Enzyme calculations - enzyme activity and specific activity

Gus Cameron

21 Oct 201810:39

Summary

TLDRThis video tutorial explains how to calculate enzyme activity, a common challenge for students due to unit tracking errors. The process is broken down into three steps: measuring absorbance, converting it into concentration, and determining enzyme units. The video uses an example involving a colorimetric assay and explains how absorbance is used to calculate enzyme activity in micro moles per minute. It also touches on calculating specific activity, a key measure of enzyme purity, which reflects the active enzyme relative to total protein concentration in the solution.

Takeaways

📏 Enzyme activity is the ability to produce product in a given amount of time, typically measured in micromoles of product formed per minute.
🧪 The standard unit of enzyme activity is the production of 1 micromole of product per minute, referred to as one enzyme unit.
🥼 In a colorimetric assay, 980 microliters of substrate is mixed with 20 microliters of enzyme, and the reaction is stopped after 5 minutes by adding a buffer.
⏲️ After 5 minutes, the solution's absorbance is measured, and an absorbance of 0.35 is recorded.
🔬 The change in absorbance per minute is calculated by dividing the total absorbance (0.35) by the reaction time (5 minutes), yielding 0.07 per minute.
📚 Using the Beer-Lambert law, absorbance is converted to concentration by dividing the absorbance by the absorption coefficient (4600 L·mol⁻¹·cm⁻¹) and path length (1 cm).
🧮 The enzyme produces 1.52 × 10⁻⁵ moles per liter per minute, equivalent to 15.2 micromoles per liter per minute, which is further scaled to total enzyme volume.
⚖️ The total enzyme activity is 0.609 micromoles per minute for 20 microliters of enzyme, converted to 3.04 micromoles per minute per milliliter of enzyme.
🔍 Specific activity is a measure of enzyme purity, calculated by dividing enzyme activity per milliliter by the protein concentration (e.g., 10 mg/mL).
🔑 The specific activity of the enzyme solution in this example is 0.304 micromoles per minute per milligram of protein, indicating enzyme purity.

Q & A

What is enzyme activity?
-Enzyme activity is the ability of an enzyme to produce a product in a specific amount of time.
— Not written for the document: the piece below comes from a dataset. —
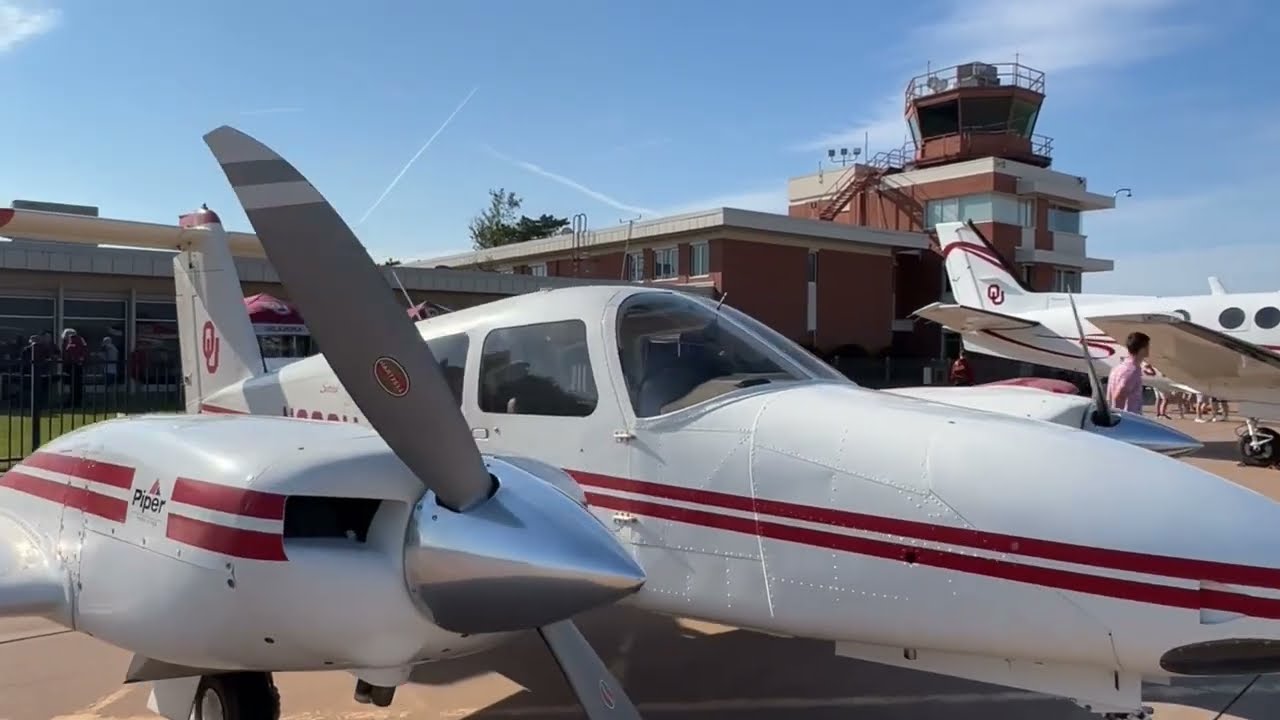Piper Seminole PA-44 - Plane For Multi Engine Flight Training At One Of The Top Aviation Schools USA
It is typically measured in micromoles of product formed per minute.
What is one unit of enzyme activity?
-One unit of enzyme activity is defined as the amount of enzyme that produces 1 micromole of product per minute under specific conditions.
What is the significance of the Beer-Lambert Law in enzyme activity calculations?
-The Beer-Lambert Law helps convert absorbance changes measured during an enzyme assay into concentration changes, which are crucial for determining enzyme activity.
How is absorbance converted to concentration using the Beer-Lambert Law?
-Absorbance (A) is related to concentration (C) by the equation A = εCL, where ε is the molar absorption coefficient and L is the path length. To find concentration, divide the absorbance by the product of ε and L.
How do you calculate the concentration change per minute in an enzyme assay?
-First, determine the absorbance change per minute (ΔA/min) by dividing the total absorbance change by the time. Then, use the Beer-Lambert Law to convert absorbance to concentration.
What is the process for calculating enzyme units from a given absorbance change?
-First, calculate the absorbance change per minute. Then, convert it into concentration using the Beer-Lambert Law. Finally, multiply the concentration by the total volume to get micromoles of product formed per minute.
How do you calculate the enzyme activity per milliliter of enzyme solution?
-To calculate enzyme activity per milliliter, divide the total activity in micromoles per minute by the volume of enzyme solution used, expressed in milliliters.
What is specific activity, and how is it calculated?
-Specific activity is a measure of enzyme purity. It is calculated by dividing the enzyme activity (in micromoles per minute per milliliter) by the concentration of protein (in milligrams per milliliter).
Why is specific activity important in enzyme assays?
-Specific activity indicates how much of the enzyme is active relative to other proteins in the solution. It helps assess enzyme purity and the effectiveness of purification processes.
What does the absorbance change (ΔA) of 0.35 represent in the enzyme assay described?
-The absorbance change of 0.35 represents the amount of product formed by the enzyme in 5 minutes, measured through a spectrophotometer.